It is possible (via shutdown()) for TCP socks to go through TCP_CLOSE
state via tcp_dosconnect() without actually calling tcp_close which
would then call the tls close callback. Because of this a user could
disconnect a socket then put it in a LISTEN state which would break
our assumptions about sockets always being ESTABLISHED state.

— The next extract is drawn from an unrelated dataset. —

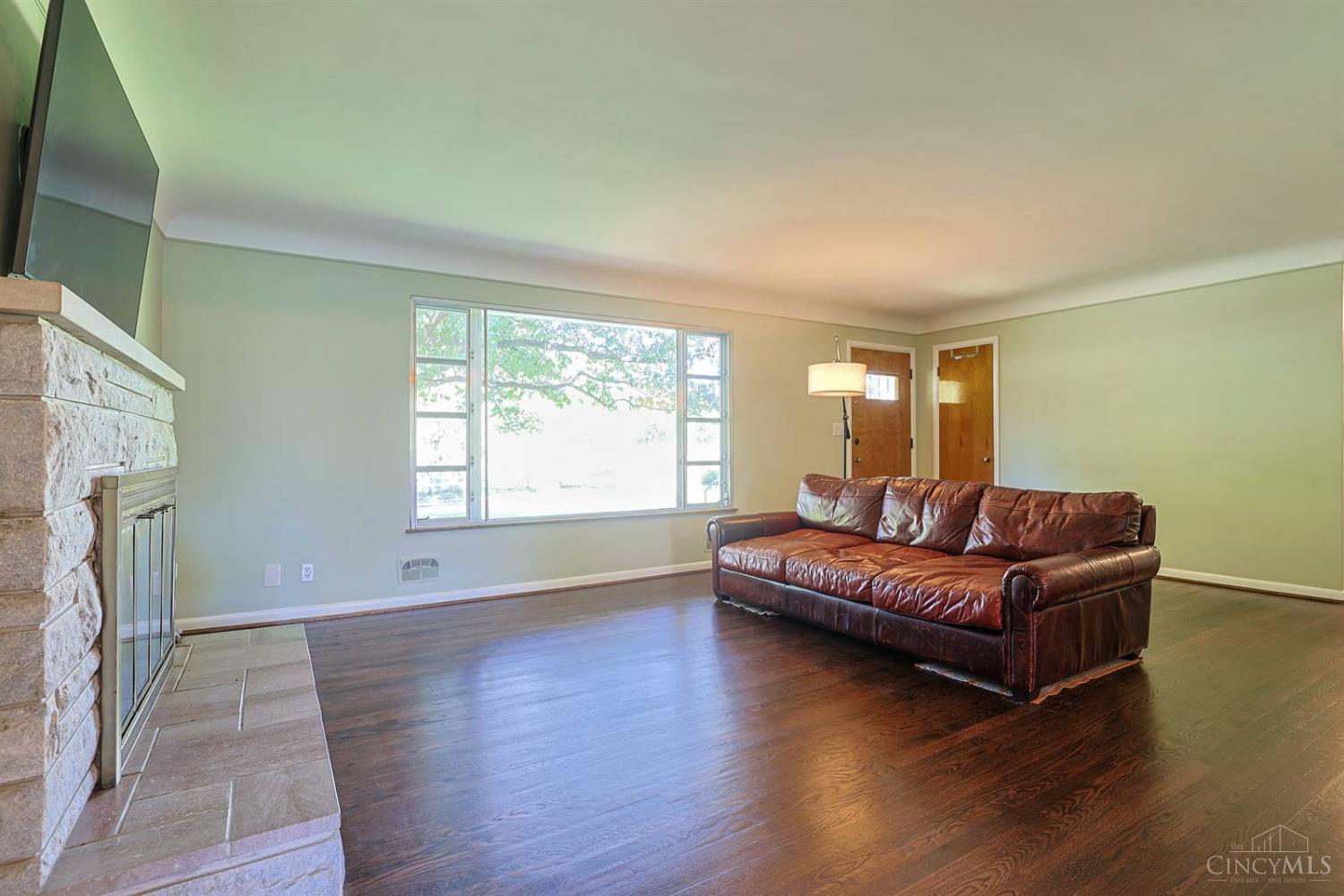 543 Compton Road Cincinnati, OH 45215 - Photo 4 of 39 Gallery Image 4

More directly because close() can call unhash() and unhash is
implemented by sockmap if a sockmap socket has TLS enabled we can
incorrectly destroy the psock from unhash() and then call its close
handler again. But because the psock (sockmap socket representation)
is already destroyed we call close handler in sk->prot. However,
in some cases (TLS BASE/BASE case) this will still point at the
sockmap close handler resulting in a circular call and crash reported
by syzbot.

To fix both above issues implement the unhash() routine for TLS.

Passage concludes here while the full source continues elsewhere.